El presidente de EE UU, Barack Obama, habla con su homólogo cubano, Raúl Castro. (Casa Blanca)
Barack Obama speaking with his counterpart Raúl Castro. (White House)
Yoani Sánchez

19 de febrero 2016 - 04:12

Havana/The last time a United States president visited Cuba Havana’s Capitol Building had not yet opened, baseball’s star pitcher The Black Diamond died, and my grandmother was a little girl with messy hair and a penetrating gaze. There is no one left who remembers this moment who can tell us about it first hand, so Barack Obama’s arrival on the island will be a new experience for all Cubans.

How will people react? With joy and relief. Although there is little the president of another country can do to change a nation where we citizens have allowed a dictatorship, his visit will have a strong symbolic impact. No one can deny that the resident of the White House will be more appealing and popular among Cubans than the old and uncharismatic general who inherited power through his bloodline.

When the presidential plane touches down on the island, the discourse of the barricade, so commonly called on by the Cuban government for over half a century, will suffer an irreversible blow. It will not be the same as seeing Raul Castro and Barack Obama shaking hands in Panama to see them to meet on the territory that until recently was full of official billboards against “the empire” with mocking caricatures of Uncle Sam.

the leader of the United States cannot change Cuba and it is better if he doesn’t try, because this national mess is our responsibility

The Communist Party press will have to jump through hoops to explain to us the official welcome of the commander-in-chief of the armed forces of the “enemy country.” The most recalcitrant Party militants will feel betrayed and it will be clear to all that, behind the supposed ideology, there is only a determination to cling to power through the typical strategies of political chameleons.
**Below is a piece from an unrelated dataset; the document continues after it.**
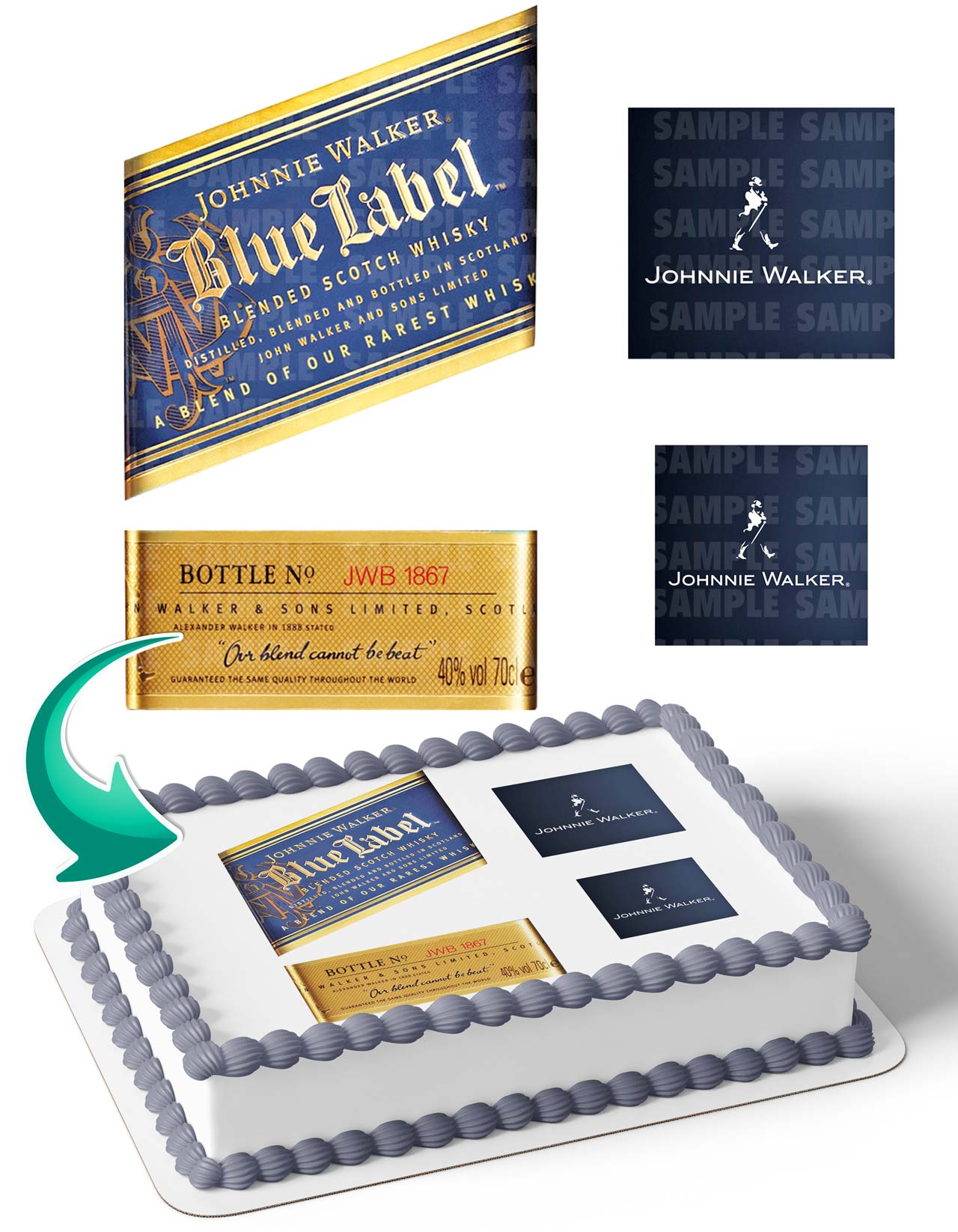 Johnnie Walker Blue Label Edible Cake Topper
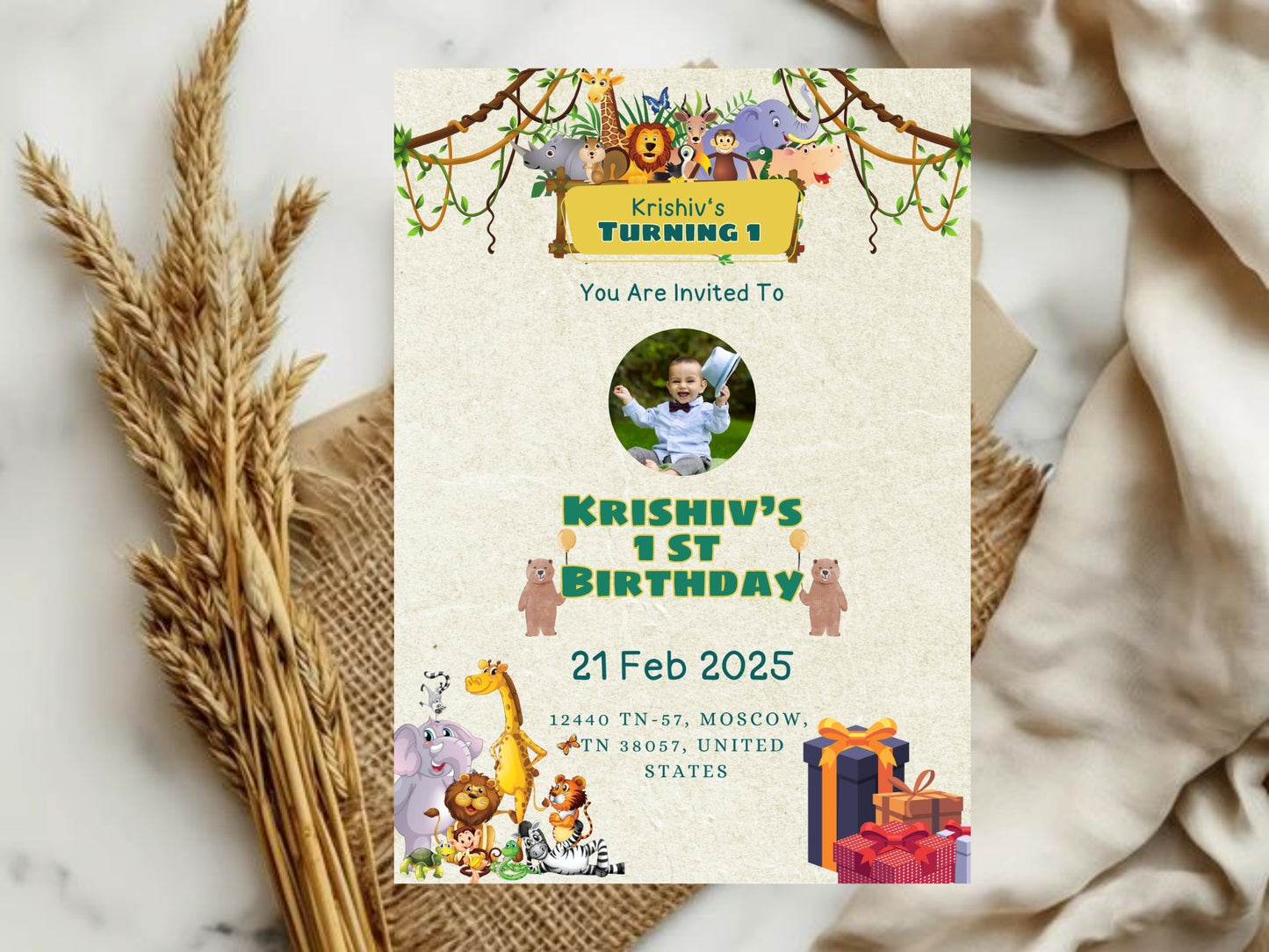 Jungle Theme Birthday Invitation Card - Wild Safari Kids Birthday Party Invite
In the streets, people will experience the enthusiasm of the unexpected event. For black and mixed-race Cubans, the message is clear and direct in a country where a white gerontocracy controls power. Those who have a T-shirt or sign with Obama’s face will flaunt it on those days, taking advantage of official persuasiveness. Fidel Castro will die a little more in his guarded Havana refuge.

“President” brand beer will run out in the cafés, where loud calls to “give me two more Obamas” will be heard, and there is no doubt that the civil registries that week will record several newborns with names like Obamita de la Caridad Perez or Yurislandi Obama. Pepito, the little boy who stars in our popular humor, will release a couple of jokes for the occasion, and tchotchkes sellers will offer items with the lawyer’s profile and the five letters of his name.

One thing is clear, however, beyond the trinkets of enthusiasm, the leader of the United States cannot change Cuba and it is better if he doesn’t try, because this national mess is our responsibility. His trip, however, will have a lasting effect and he should take advantage of the opportunity to send a loud and clear message in front of the microphones.

His words should be directed to those young people who right now are assembling a raft, fueled by their despair they carry within. He needs to let them know that the material and moral misery that surrounds them is not the responsibility of the White House. The best way in which Obama can transcend Cuba’s history is by making it clear that the perpetrators of the drama we are living are here, in the Plaza of the Revolution in Havana.